When you retype the entries, keep each one exact and leave out the pictures.

**PROVIDED DATA**
────
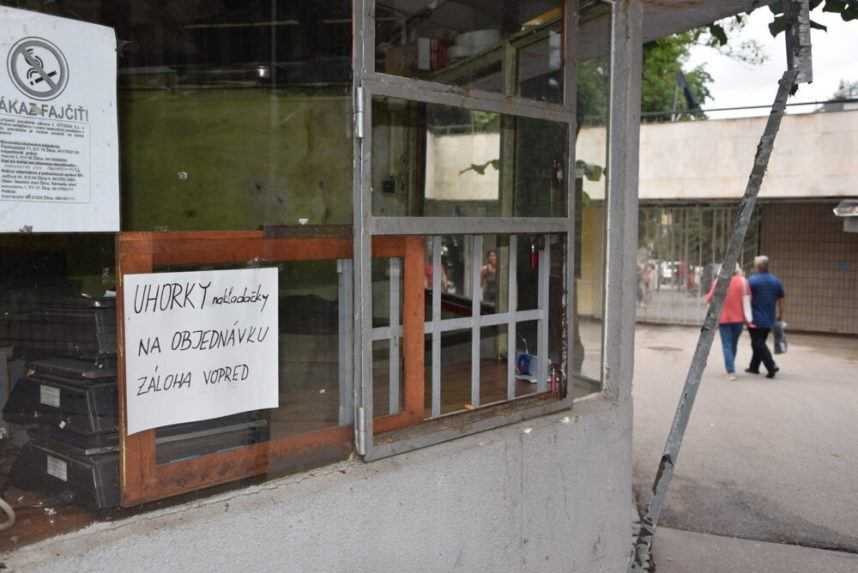 Stánky pred vstupom do žilinskej nemocnice.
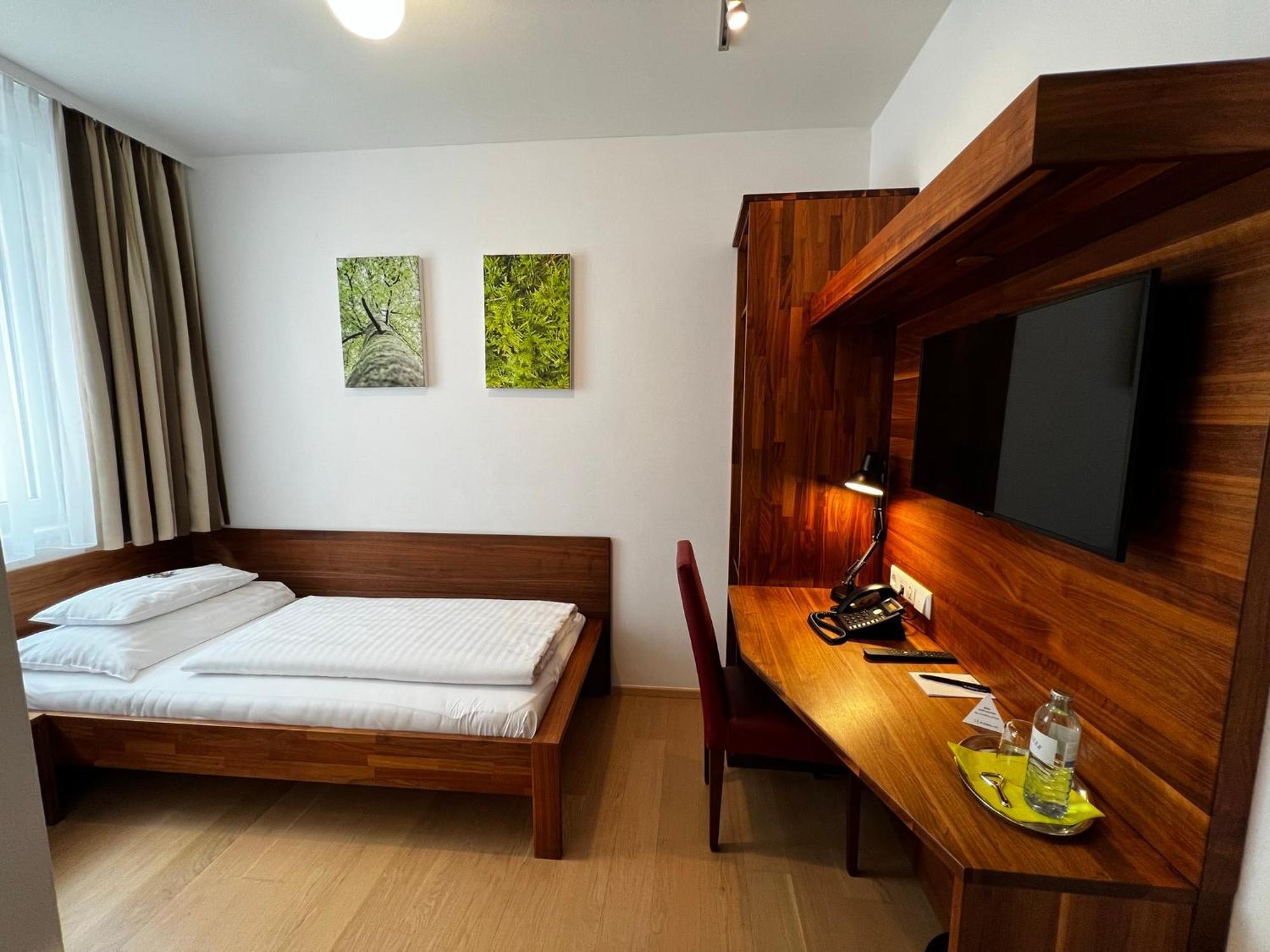 H+ Hotel Ried Ried im Innkreis Bagian luar foto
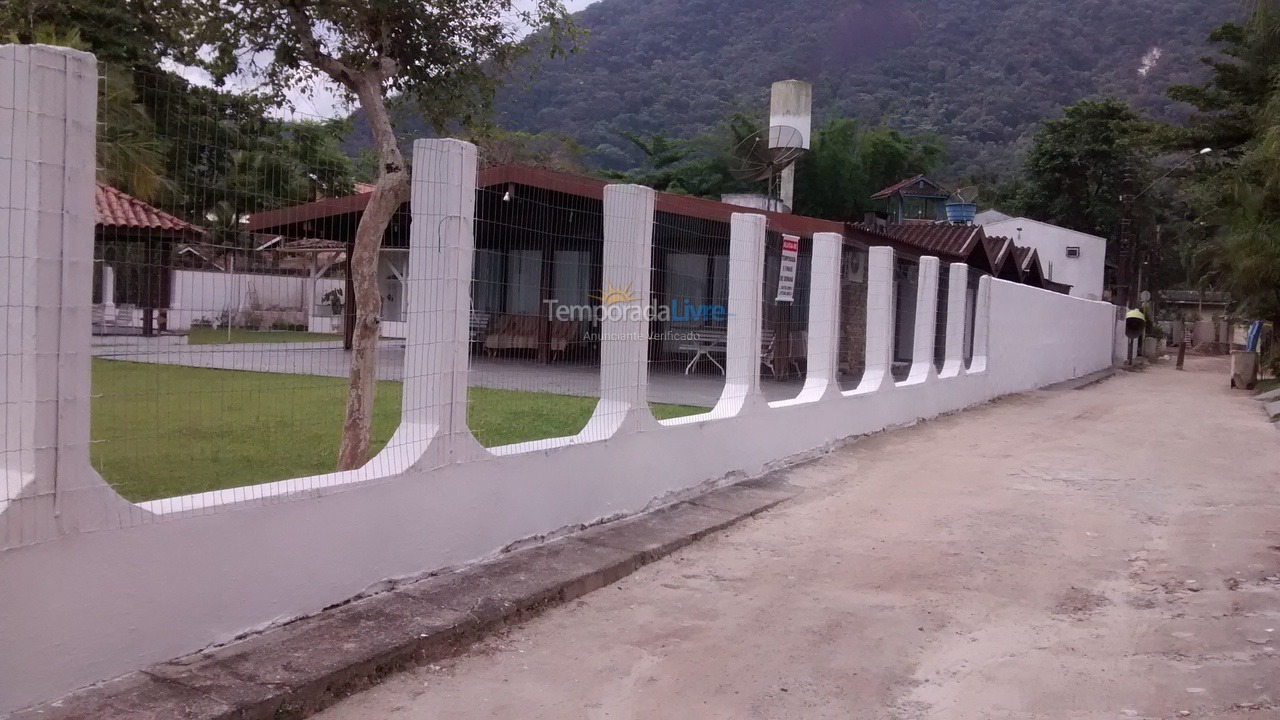 House for vacation rental in Ubatuba (Praia do Lázaro)
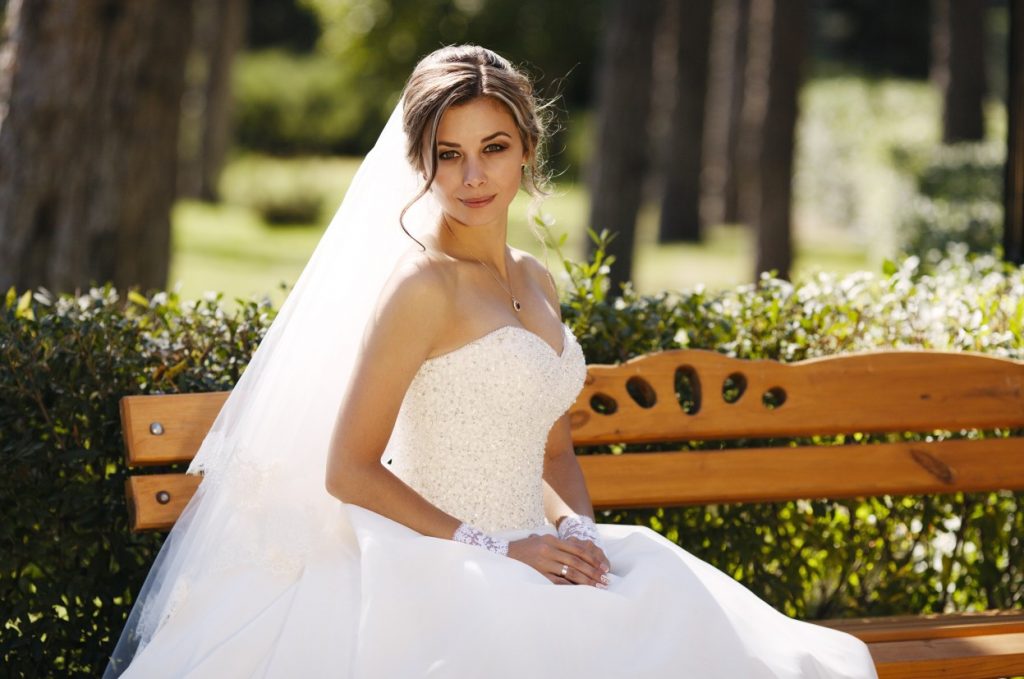 Sinnlichkeit und Grandezza kombiniert dieses Hochzeitskleid. Viel femininer Charme umgarnt den Bräutigam. Das Oberteil ist auf Figur geschnitten und formt eine wunderschöne Büste, ähnlich einem klassischen Cocktailkleid. (#11)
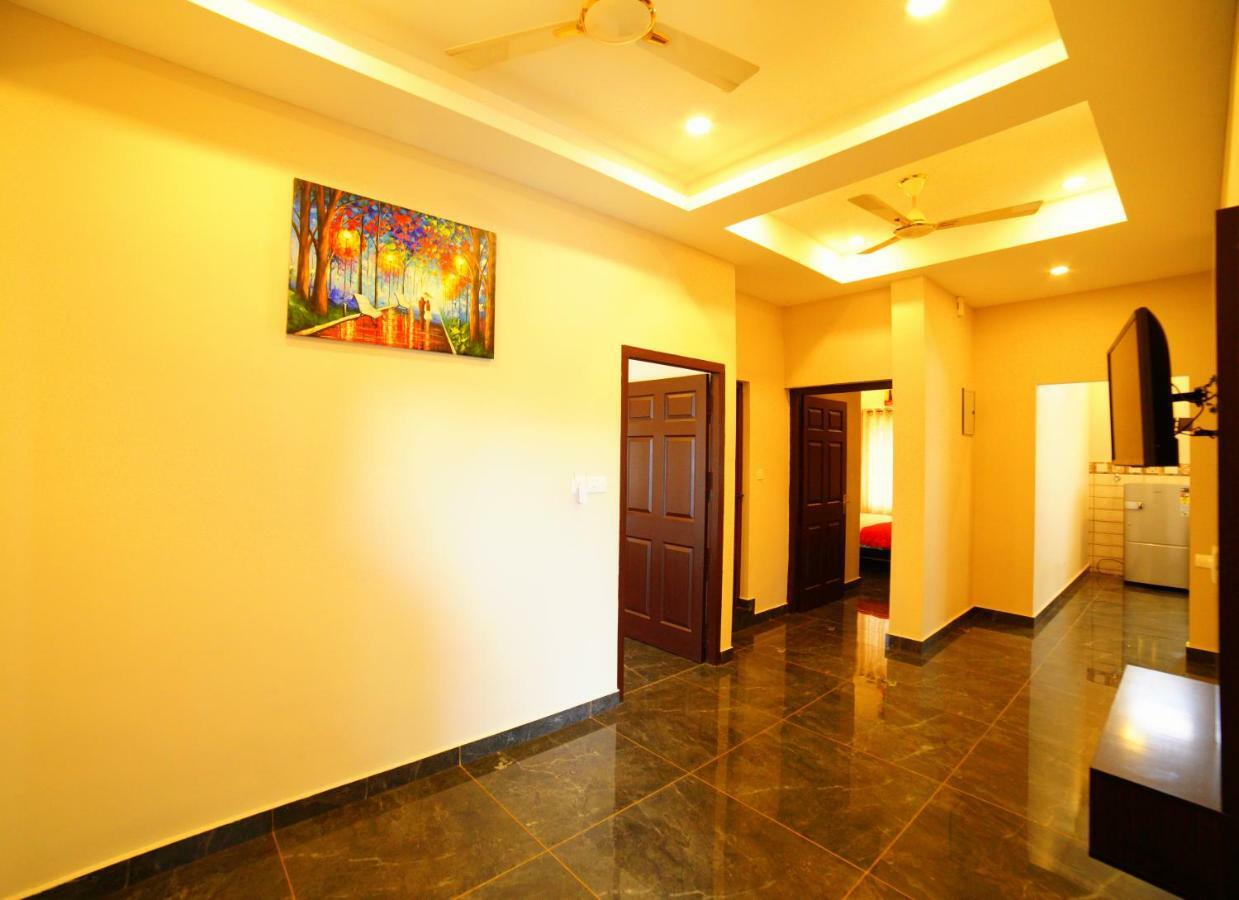 ホテル Metro Residency Kochi エクステリア 写真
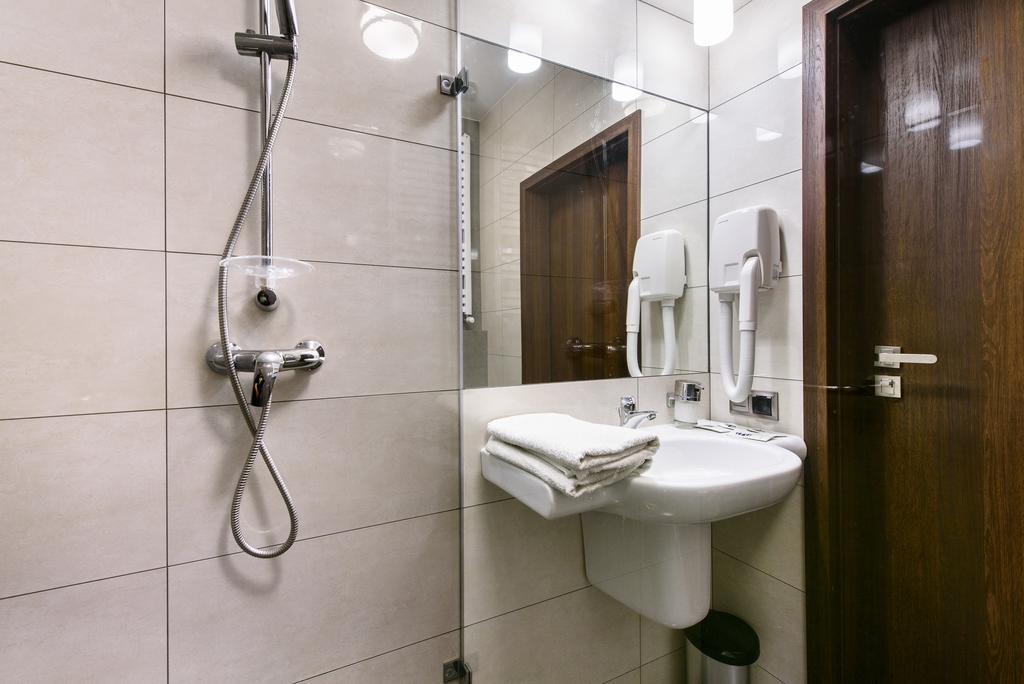 Hotel Nowy Dwor Trzebnica Ngoại thất bức ảnh
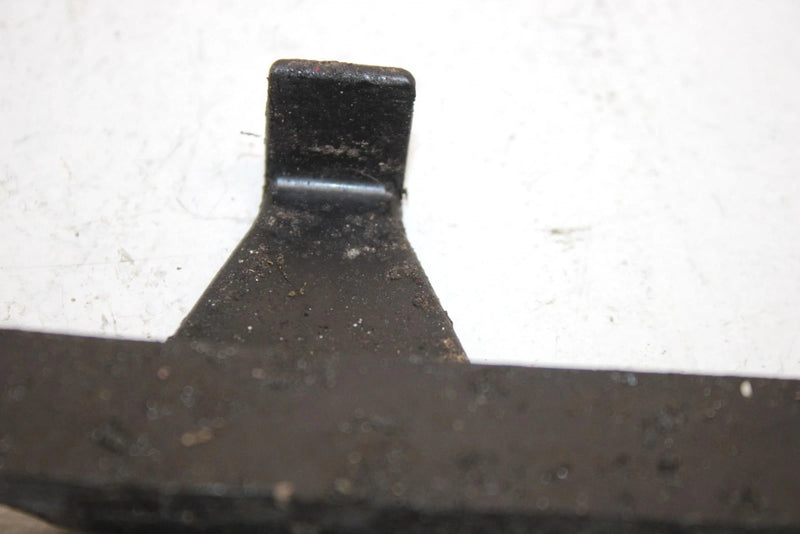 1990 Kawasaki 650 Ts Oem Bilge Screen Retainer 92170-3725 JK10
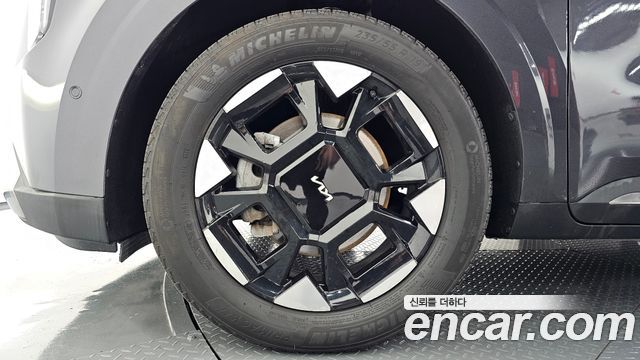 Kia Carnival (IV) HEV 9seater Signature 2024 — фото 5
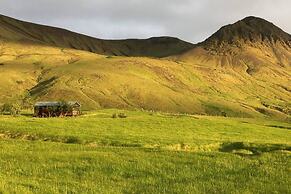 Charming 2-bed Cottage Near Seljalandsfoss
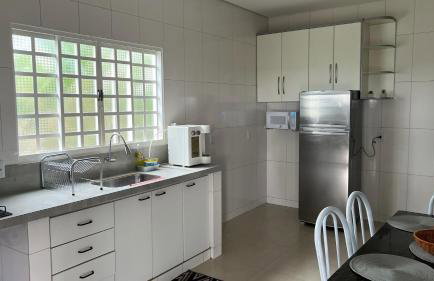 Linda casa em condomínio fechado - Foto 4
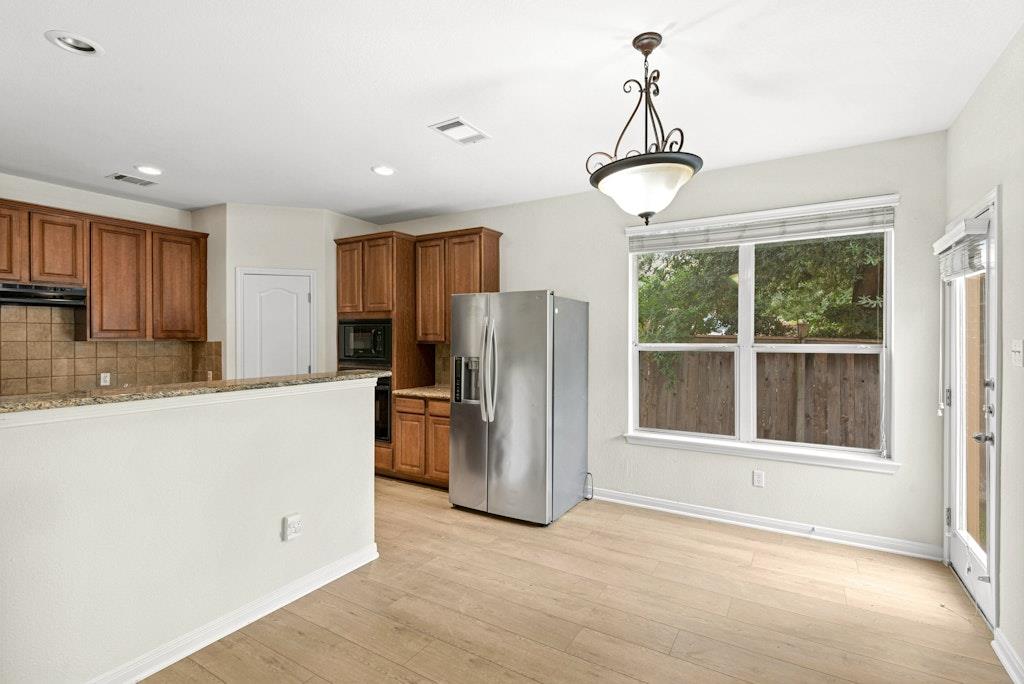 903 Fork Ridge Path, Round Rock, TX 78665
────
**EXERCISE SOLUTION**
 Stánky pred vstupom do žilinskej nemocnice.
 H+ Hotel Ried Ried im Innkreis Bagian luar foto
 House for vacation rental in Ubatuba (Praia do Lázaro)
 Sinnlichkeit und Grandezza kombiniert dieses Hochzeitskleid. Viel femininer Charme umgarnt den Bräutigam. Das Oberteil ist auf Figur geschnitten und formt eine wunderschöne Büste, ähnlich einem klassischen Cocktailkleid. (#11)
 ホテル Metro Residency Kochi エクステリア 写真
 Hotel Nowy Dwor Trzebnica Ngoại thất bức ảnh
 1990 Kawasaki 650 Ts Oem Bilge Screen Retainer 92170-3725 JK10
 Kia Carnival (IV) HEV 9seater Signature 2024 — фото 5
 Charming 2-bed Cottage Near Seljalandsfoss
 Linda casa em condomínio fechado - Foto 4
 903 Fork Ridge Path, Round Rock, TX 78665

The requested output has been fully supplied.